Me preguntaba por qué nadie más había visto lo lejos que estaba antes de que me salvara la vida de un modo tan repentino como imposible. Con disgusto, comprendí que la causa más probable era que nadie estaba tan pendiente de Edward como yo. Nadie más le miraba de la forma en que yo lo hacía. ¡Lamentable!
Edward jamás se vio rodeado de espectadores curiosos que desearan oír la historia de primera mano. La gente lo evitaba como de costumbre. Los Cullen y los Hale se sentaban en la misma mesa, como siempre, sin comer, hablando sólo entre sí. Ninguno de ellos, y él menos, me miró ni una sola vez.

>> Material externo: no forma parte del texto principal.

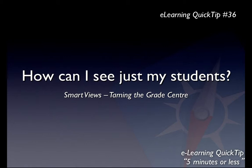One of the most common questions asked of me is how can I tame the Grade Centre within Blackboard Learn to show me just my students? And today I'm going to show a technique called Smart Views which enables just that.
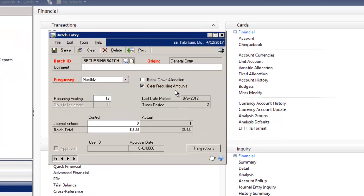Then, when you need to enter the amounts for the batch the next time you post, you can easily see which journal entry lines have amounts and which ones do not. This will improve data accuracy and entry speed when editing GL recurring batches.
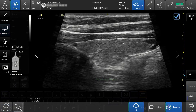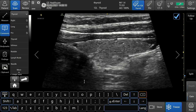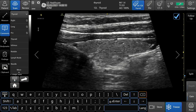To set the comments home location, tap comments. Move the cursor to the desired location, then tap the home icon. This will set the default location of your comments.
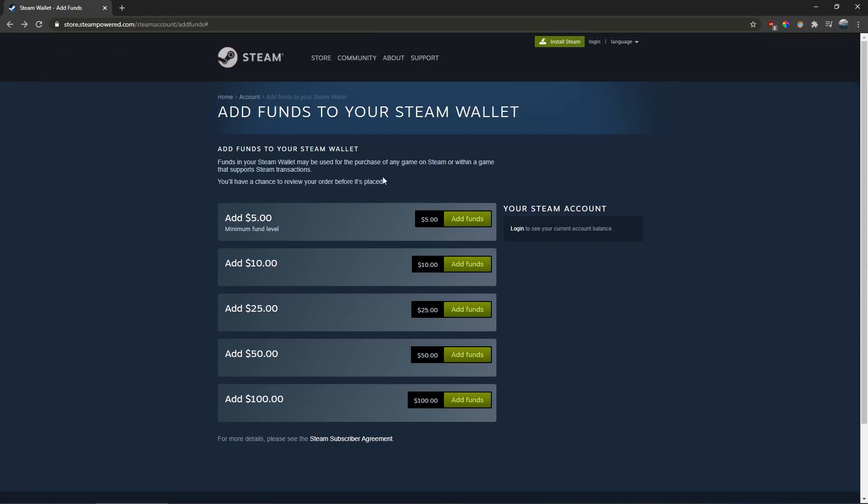Unfortunately, as it says on the page, the minimum fund level is $5.00. If you put in any amount less than $5.00, you're going to get an error and it won't let you go through.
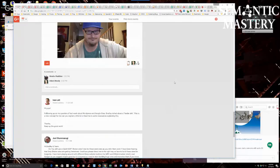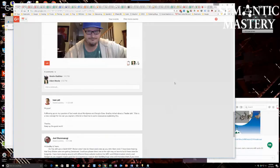You can call it Barnacle SEO. There are so many different terms for it. Essentially, all it is is creating entities and properties on other websites, social media sites, platforms, whatever you want to call them,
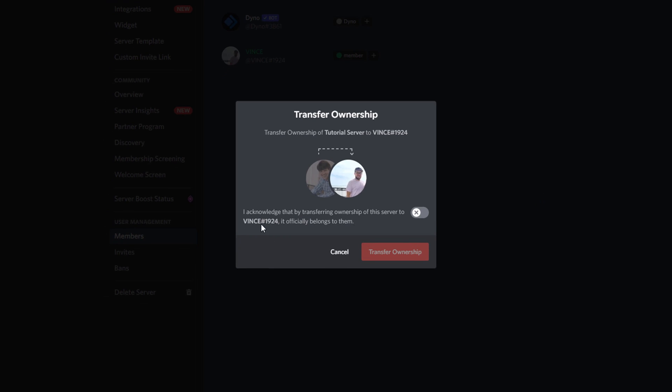It says, are you sure you want to transfer ownership of server name to, and then the Discord name of the person you are transferring it over. You then will have to kind of check something like you're signing it off to that other individual, acknowledging that by transferring the ownership of the server, it will officially belong to them and is no longer affiliated with you. If you want to get this back, you will have to talk with the person you've transferred it to and work it out with them. This is not something that can be undone.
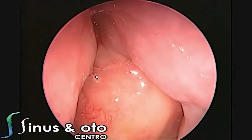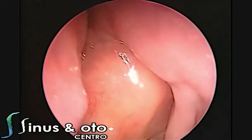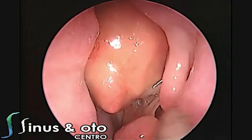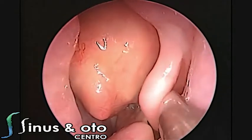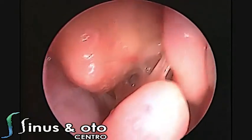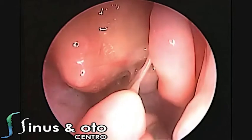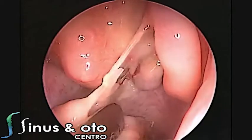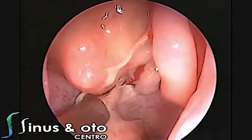This is the uncinate process on the left side. This is the upper part of the nasal cavity, and this is the uncinate process. The middle turbinate has been turned down by the lesion.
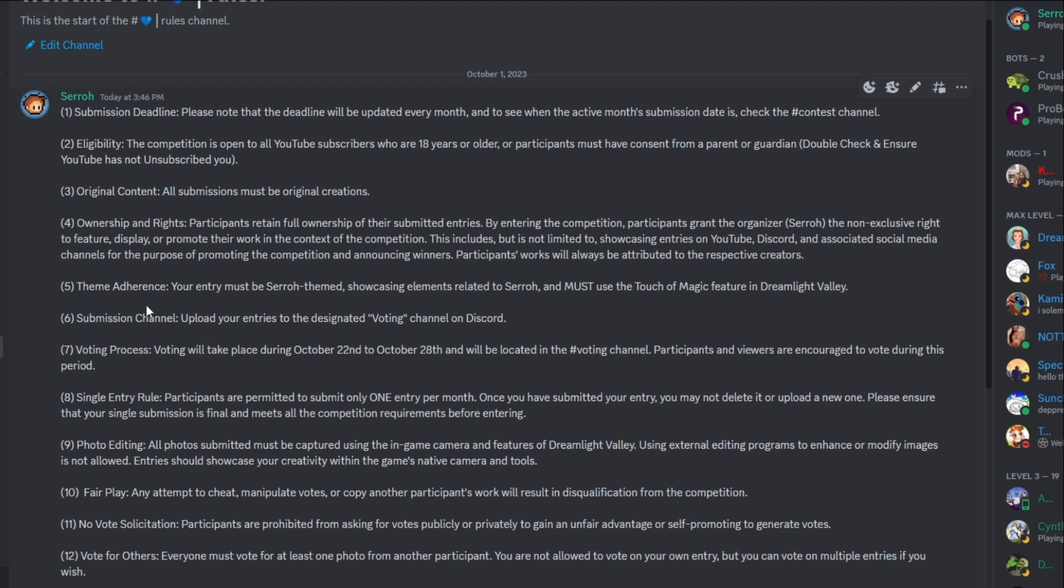So number five is theme adherence. Your entry must be sorrow themed showcasing elements related to sorrow and must use the touch of magic feature in Dreamlight Valley. You could do as little touch of magic as you want. You could just do a rug. If you wanted, you could do more, you could do a full room, but it has to be touch of magic. And even though there's ways to get around this rule, like, you know, maybe you just design a little part of a shirt that you can't see, you probably are not going to get very many votes. So keep in mind, the more touch of magic that you do, the higher quality, I think more and more people are going to respect that. And you may garner an actual vote as opposed to trying to get around the rules. Do as much touch of magic, but it has to have touch of magic. And I have to be able to see at least one piece of touch of magic in the photo.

Cuando se sentaba a mi lado en clase, tan lejos de mí como se lo permitía la mesa, no parecía ser consciente de mi presencia. Sólo de forma ocasional, cuando cerraba los puños de repente, con la piel, tensa sobre los nudillos, aún más blanca, me preguntaba si realmente me ignoraba tanto como aparentaba.
Deseaba no haberme apartado del camino de la furgoneta de Tyler. Esa era la única conclusión a la que podía llegar.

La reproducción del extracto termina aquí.